É por isso que o ato de evocar implica uma celebração, um agravamento. Reside nisso cerne da poesia de Frank O’Hara: dar a ver algo sem propriamente mostrar, pelo “à tona”, o que faz dela uma poesia de encantamento e espanto, fluxo e estancamento: acontecer. “Você está sorrindo, você está esvaziando o mundo/ para que possamos estar a sós”. E então vemos uma costura de signos encadeados por palavras, a vocação imagética delas, direcionando nossa atenção ao fato de que as coisas acontecem, agora. Meditations in a Emergency. Com a poesia de um Frank O’Hara, a vida sai sempre vencendo.

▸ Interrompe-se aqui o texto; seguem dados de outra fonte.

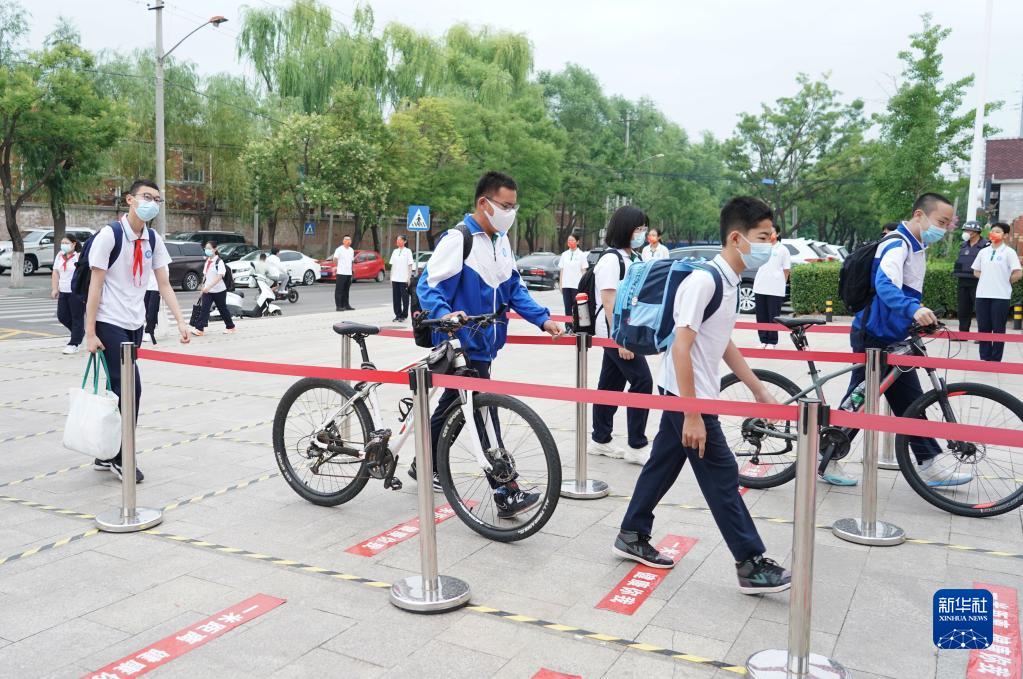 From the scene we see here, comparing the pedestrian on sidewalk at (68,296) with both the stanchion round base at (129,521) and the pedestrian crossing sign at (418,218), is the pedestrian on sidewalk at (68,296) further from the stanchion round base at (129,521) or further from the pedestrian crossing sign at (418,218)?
the pedestrian crossing sign at (418,218)

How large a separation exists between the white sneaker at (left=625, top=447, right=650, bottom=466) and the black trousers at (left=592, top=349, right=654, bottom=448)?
0.04 m

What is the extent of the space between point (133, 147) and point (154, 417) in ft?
102

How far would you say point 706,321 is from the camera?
3.90m

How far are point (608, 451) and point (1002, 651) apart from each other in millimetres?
3311

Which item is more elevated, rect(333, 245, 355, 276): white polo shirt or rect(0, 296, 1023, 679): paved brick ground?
rect(333, 245, 355, 276): white polo shirt

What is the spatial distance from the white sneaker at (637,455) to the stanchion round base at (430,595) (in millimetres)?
2516

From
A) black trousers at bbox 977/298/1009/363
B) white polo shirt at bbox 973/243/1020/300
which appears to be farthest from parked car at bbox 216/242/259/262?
white polo shirt at bbox 973/243/1020/300

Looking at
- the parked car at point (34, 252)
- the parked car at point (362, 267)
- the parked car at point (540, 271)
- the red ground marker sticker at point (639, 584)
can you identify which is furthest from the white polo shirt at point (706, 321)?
the parked car at point (34, 252)

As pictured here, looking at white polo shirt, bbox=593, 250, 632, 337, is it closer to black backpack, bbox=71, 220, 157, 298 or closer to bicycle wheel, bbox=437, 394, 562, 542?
bicycle wheel, bbox=437, 394, 562, 542

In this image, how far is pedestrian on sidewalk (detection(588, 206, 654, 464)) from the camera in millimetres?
6055

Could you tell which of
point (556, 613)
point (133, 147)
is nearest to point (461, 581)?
point (556, 613)

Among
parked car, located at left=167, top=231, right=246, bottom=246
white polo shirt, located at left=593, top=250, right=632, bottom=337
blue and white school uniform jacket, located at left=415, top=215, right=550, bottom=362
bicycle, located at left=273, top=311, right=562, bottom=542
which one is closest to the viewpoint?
bicycle, located at left=273, top=311, right=562, bottom=542

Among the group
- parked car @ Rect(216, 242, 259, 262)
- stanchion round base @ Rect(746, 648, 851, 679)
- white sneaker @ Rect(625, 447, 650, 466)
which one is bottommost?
stanchion round base @ Rect(746, 648, 851, 679)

Ainda é preciso mais. E quão irônico pode ser o fato de que tal poeta tenha morrido aos 40 anos, vítima de um atropelamento. A coisa é tão banal que até faz sentido. “nada poderá acontecer/ senão agora”. Ou: “a culpa é do arquiteto”, como mais de uma vez chegou a declarar em poemas, sempre eles, os projetores das coisas que nos circundam, nos abraçam. As gaivotas, o neon, o símbolo da Pepsi espalhado pela cidade. Bocas de todos os formatos e pensamentos tão negros quanto a noite. Um inventário de signos na paisagem chamuscada é o que nos deixam seus poemas, como lembrete terrível de um pequeno e único milagre: estar aqui. É uma estranha alegria, a poesia. O vazio se impõe; é nossa única garantia. Celebremos.